• Collected data
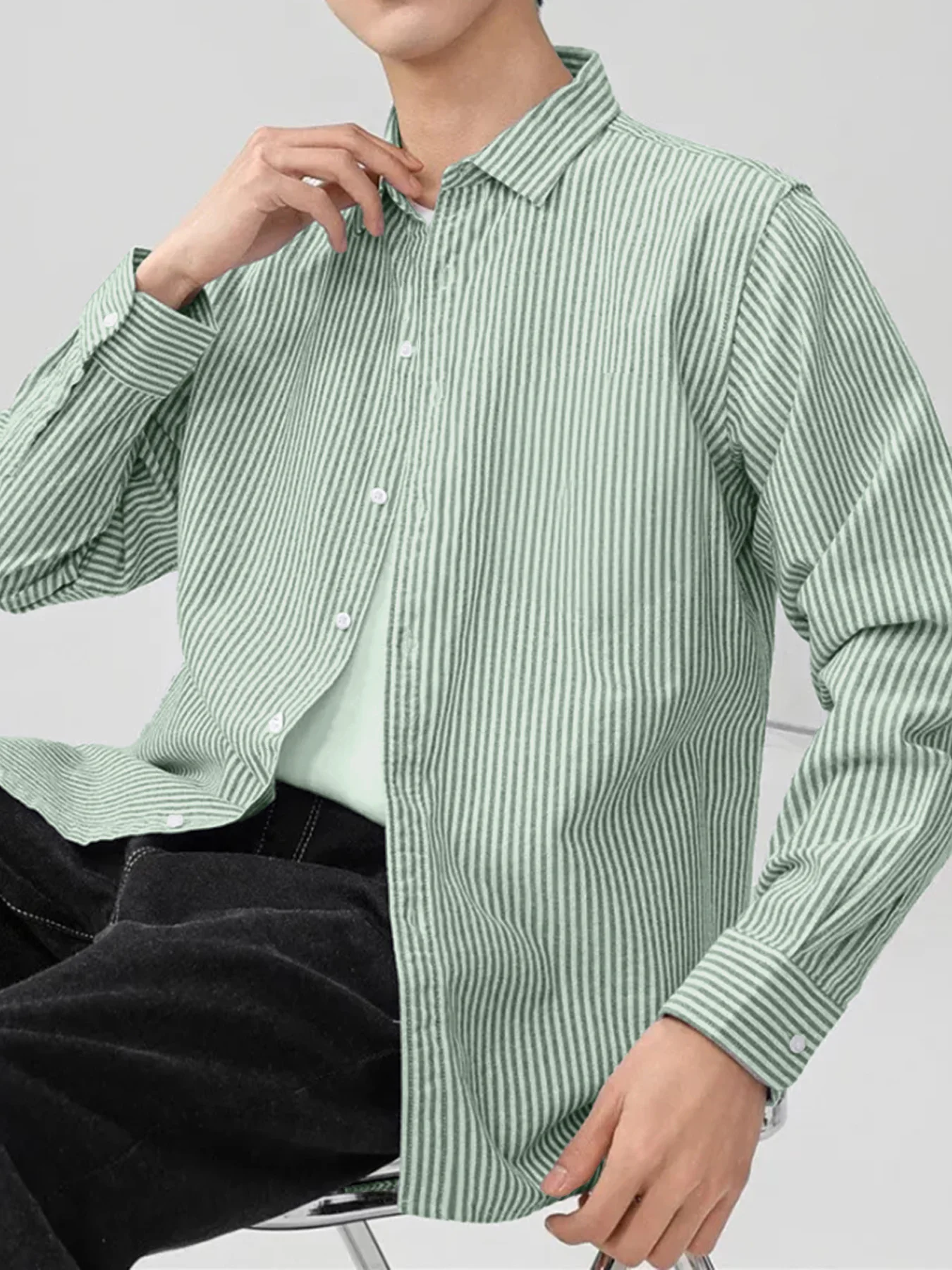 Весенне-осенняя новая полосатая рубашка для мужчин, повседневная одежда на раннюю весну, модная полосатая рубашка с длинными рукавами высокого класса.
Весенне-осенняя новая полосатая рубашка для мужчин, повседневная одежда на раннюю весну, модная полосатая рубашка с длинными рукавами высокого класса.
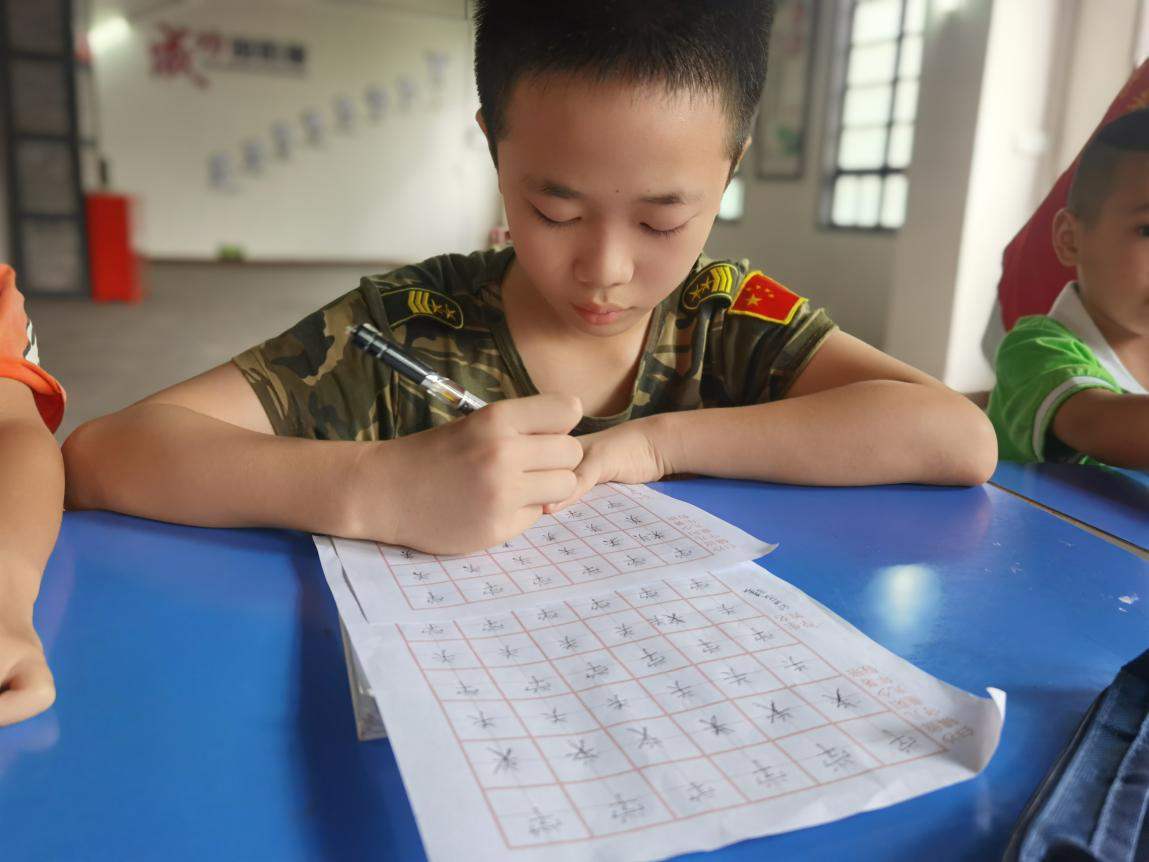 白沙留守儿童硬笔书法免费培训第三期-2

• Task directions
Full transcription of the material, exact in every line, without images.

• Output
 Весенне-осенняя новая полосатая рубашка для мужчин, повседневная одежда на раннюю весну, модная полосатая рубашка с длинными рукавами высокого класса.
Весенне-осенняя новая полосатая рубашка для мужчин, повседневная одежда на раннюю весну, модная полосатая рубашка с длинными рукавами высокого класса.
 白沙留守儿童硬笔书法免费培训第三期-2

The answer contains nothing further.